Oct 19, 2002 | The baseball postseason is a myth-making enterprise, both in the sense of the legends that sustain the game and the showbiz and blather that turn the national pastime into a Very Special Episode every year about this time.
Without the World Series, the myth of Babe Ruth would be the story of a real good baseball player, not the Bunyanesque legend of a man who transcended sports. Willie Mays has always said he made better catches than the one he made in the 1954 World Series, but the idea of Willie Mays, Greatest Center Fielder of All Time, is built around that one moment. Everything else he ever did is supporting evidence.
There's one such myth at play in the 2002 World Series between the Anaheim Angels and the San Francisco Giants, which opens Saturday night at Edison Field in Anaheim. Barry Bonds, who has turned a stellar career into one for the ages with his last two eye-popping seasons, and who until this season had a history of failure in the playoffs, gets a chance to write a crucial chapter in his myth by playing in the World Series for the first time. With a few big hits, he'll make people forget forever his earlier failures. If he bombs, he'll magnify those earlier shortcomings.

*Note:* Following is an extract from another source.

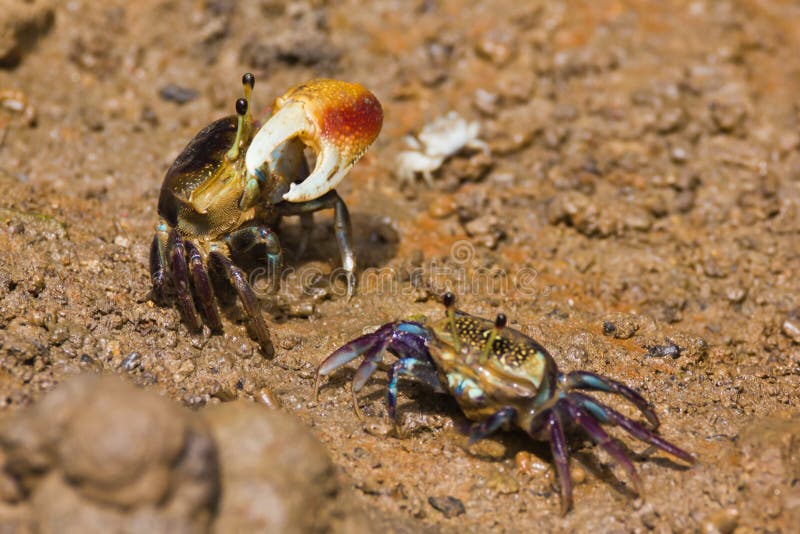 Fiddler crab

There are more myths of the other stripe, and this year features an old war horse, the Cinderella team, coming out of nowhere. That would be the Anaheim Angels, who are a Cinderella because their win over the New York Yankees was an upset.
Only it wasn't an upset. After they stumbled out of the gate by going 6-14, the Angels were the best team in baseball over the next 142 games, or 88 percent of the season, and they did this while playing in the toughest division, the American League West, with the Oakland A's and Seattle Mariners, good teams they had to play a total of 39 times. The Yankees played 19 games against the Boston Red Sox, who had the same record as the Mariners, but they also played 18 against the hideous Tampa Bay Devil Rays, whom the Angels got to play only nine times.
So I know what you're saying: You picked the Yanks to win in four, genius. Yes, but that's because I figured the Yankees would work their postseason mojo on the Angels -- that they would get better in the playoffs than they had been in the season, as they've done every year of their current championship run except 1998, when they were a juggernaut from Opening Day on. I was wrong. That didn't happen. But that doesn't mean the Angels are some sort of out-of-nowhere club, just because most of the typing classes, yours truly included, underestimated their ability to make the series go according to form.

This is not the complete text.